Today, Danièle Nouy confirmed there will be a consultation on ECB’s efforts to harmonise Options and National Discretions (ONDs) in the CRR.
Consultation, consultation, consultation.
Mind you, this if the n-th consultation on EU bank capital.
The first consultations on post-GFC bank capital rules were in 2009 and in 2010. Whatever happened with consultations one and two is unclear. The EC drafted CRDIV/CRR basically on its own. It published a first version in the summer 2011. It took two full years to agree on the final directive and regulation, which entered into force in 2014.
The Danish Compromise: protecting banks that hold shares in insurance companies.
One reason why it took so long to agree on the final texts was CRR Article 49, which exempts banks from deducting holdings in insurance companies. This exemption is a significant departure from the Basel III rules text. Obviously, the Basel Committee took notice and used the exemption to support a materially non-compliant verdict on Europe’s implementation of Basel III, thus provoking a fuming response from Michel Barnier.
At some point in 2011, the EC realized that the rule that exempts banks from deducting insurance holdings would make it look bad. The Commission feared that the world would view Europe as not being sufficiently tough on banks.
Here is where a third consultation comes into play: In 2011 the Joint Committee of European supervisory authorities (EBA, EIOPA, ESMA) launched an initiative to toughen the capital standards for banks through a back-door: via the capital rules for Financial Conglomerates (Ficod). The Joint Committee wrote a standard that would strengthen the capital requirements for Financial Conglomerates significantly, thus forcing banks that owned insurance companies to hold more capital. This standard was consulted in 2012, and I wrote about it a couple of times.

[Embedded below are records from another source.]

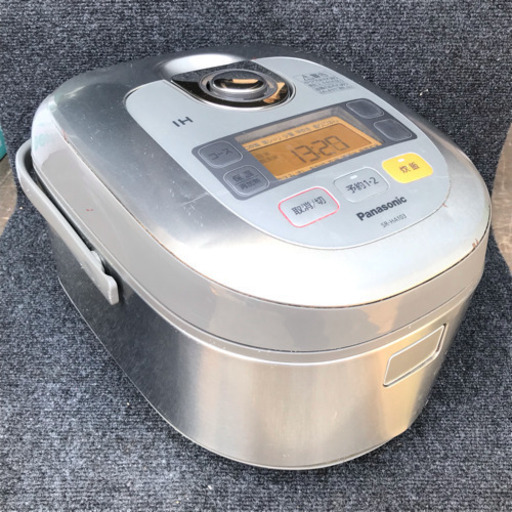 パナソニック 銅釜IH炊飯器 2011年 SR-HA103 正面右下凹みあり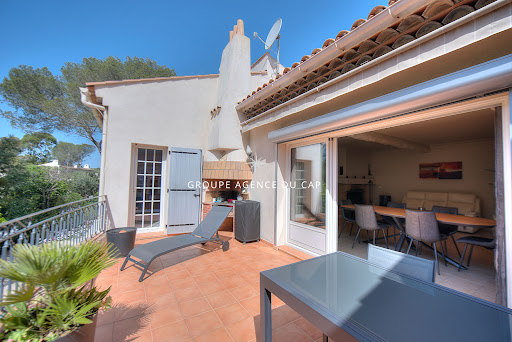 Appartement avec terrasse et piscine 4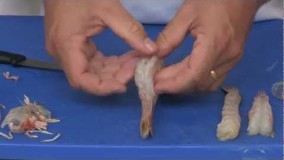 آشپزی ایرانی-تمیز کردن و طبخ میگو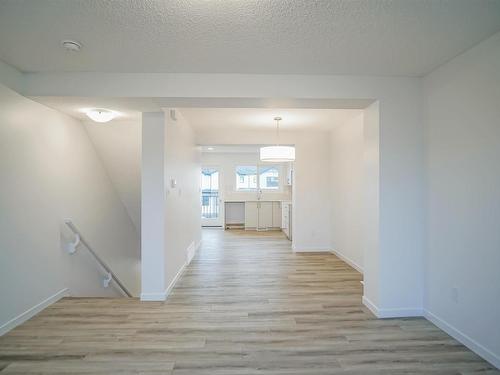 1122 Aster Bv Nw, Edmonton, AB 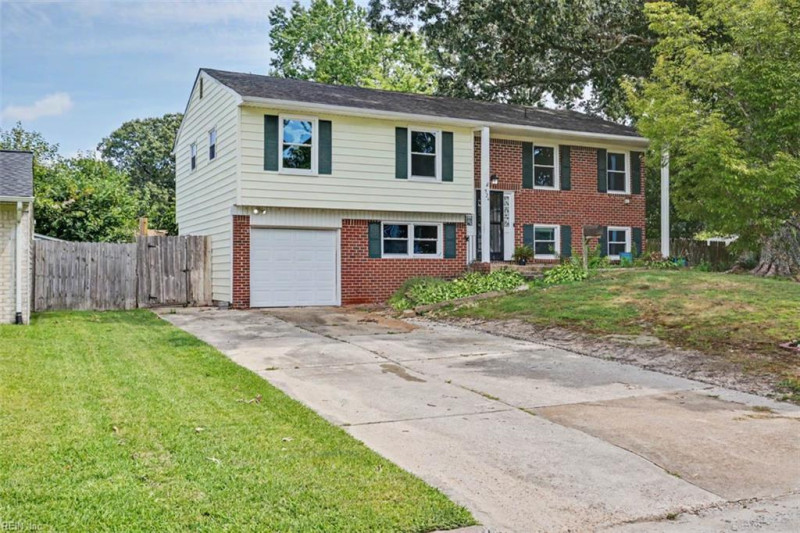 Photo 2 of 37 residential for sale in Virginia Beach virginia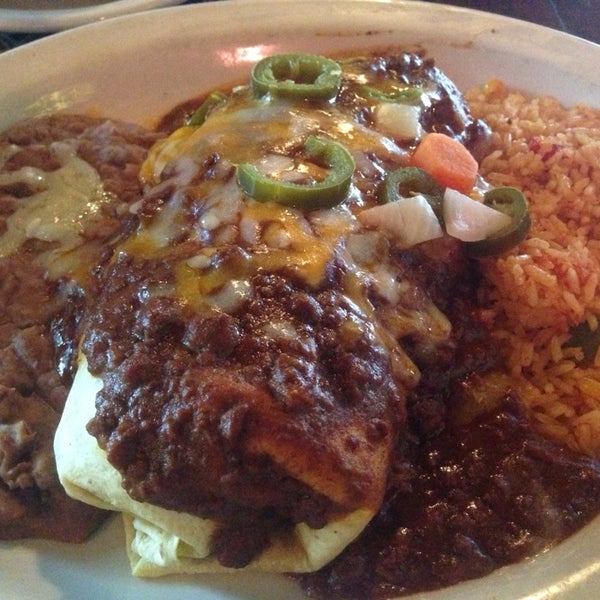 Снимок сделан в Mariano&#39;s Mexican Cuisine пользователем Jamie B. 5/3/2014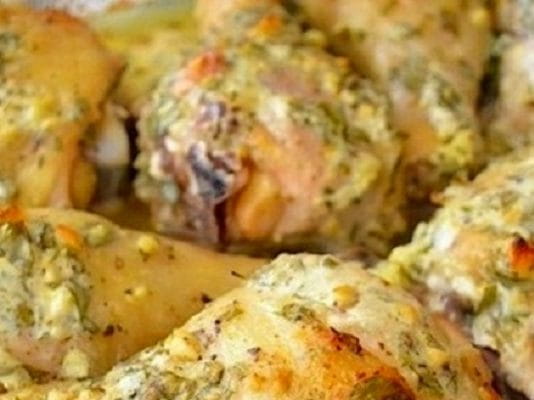 Куриные голени в сметанном маринаде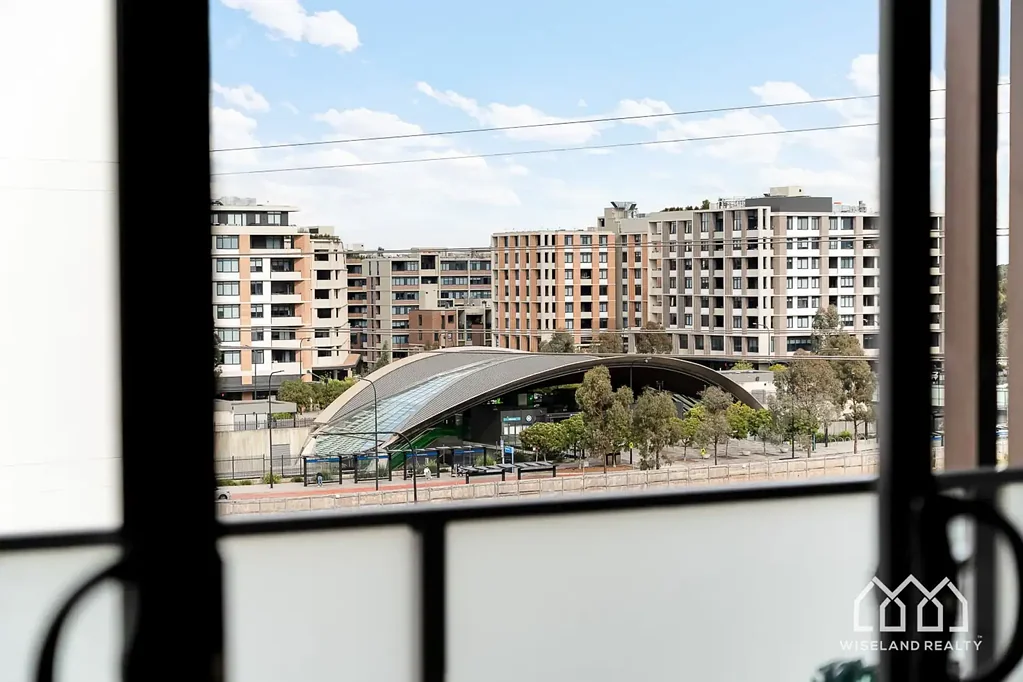 Modern 2-Bedroom Apartment with Spacious Balcony – Walk to Tallawong Metro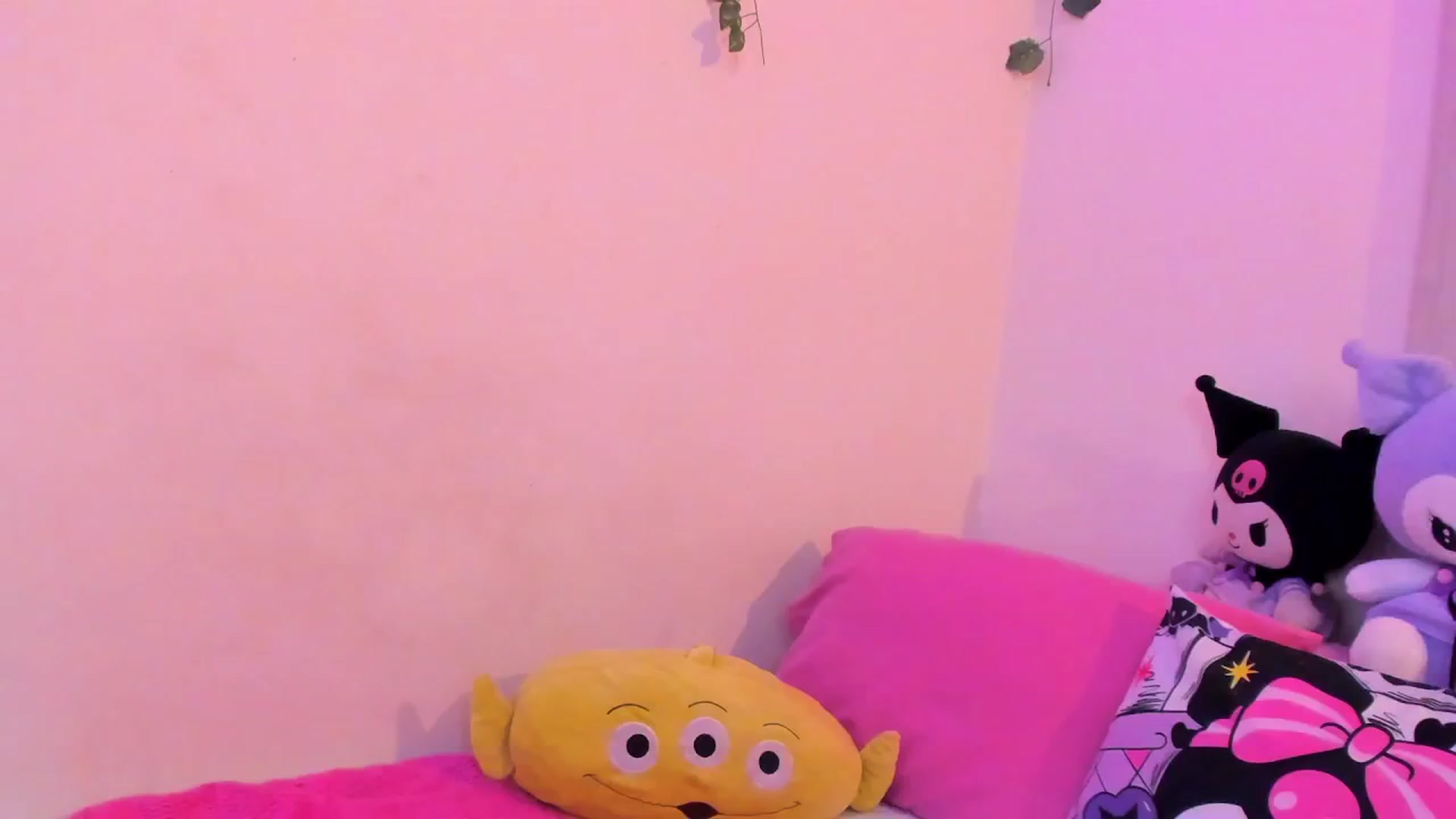 Gallery image thumbnail from VenusFantasy1's myfreecams stream on, 12/16/2025, 15:29 image 16 of 20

Although relevant Article 9 of the standard appears to have “bite”, I never heard anyone complaining about it. In light of today’s discussion on harmonising bank capital rules, it has probably become unenforceable or irrelevant.
Consultation number 4
Barely eighteen months after the entry into force of the CRR, the EC released a consultation on the effects of CRD IV on bank lending. The consultation invites respondents to offer suggestions for improvement. This is laudable, however, with the ECB executing its own harmonisation project, one wonders what will happen with this consultation. I dutifully submitted my answers two weeks ago, so it is early days to speculate on the outcomes.
Déjà vu all over again?
The ECB will now consult, again. However, things are not looking good. It is not only about the rift between the EBA and the ECB on whose prerogative it is to change the CRR – on which I wrote earlier.
More importantly is that it is Déjà vu all over again, as Danièle Nouy confirmed yesterday: “Regarding the so-called Danish compromise… we were very split, almost 50/50, but one camp was a little bit more than 50, the camp that wanted to keep it, so for the time being it’s still there” she said.
Here you have it: with softening attitudes toward banks, and banks meeting Basel III capital requirements years ahead of schedule, why would the ECB succeed where EBA, EIOPA, ESMA, EC, and the European Parliament failed only two years ago?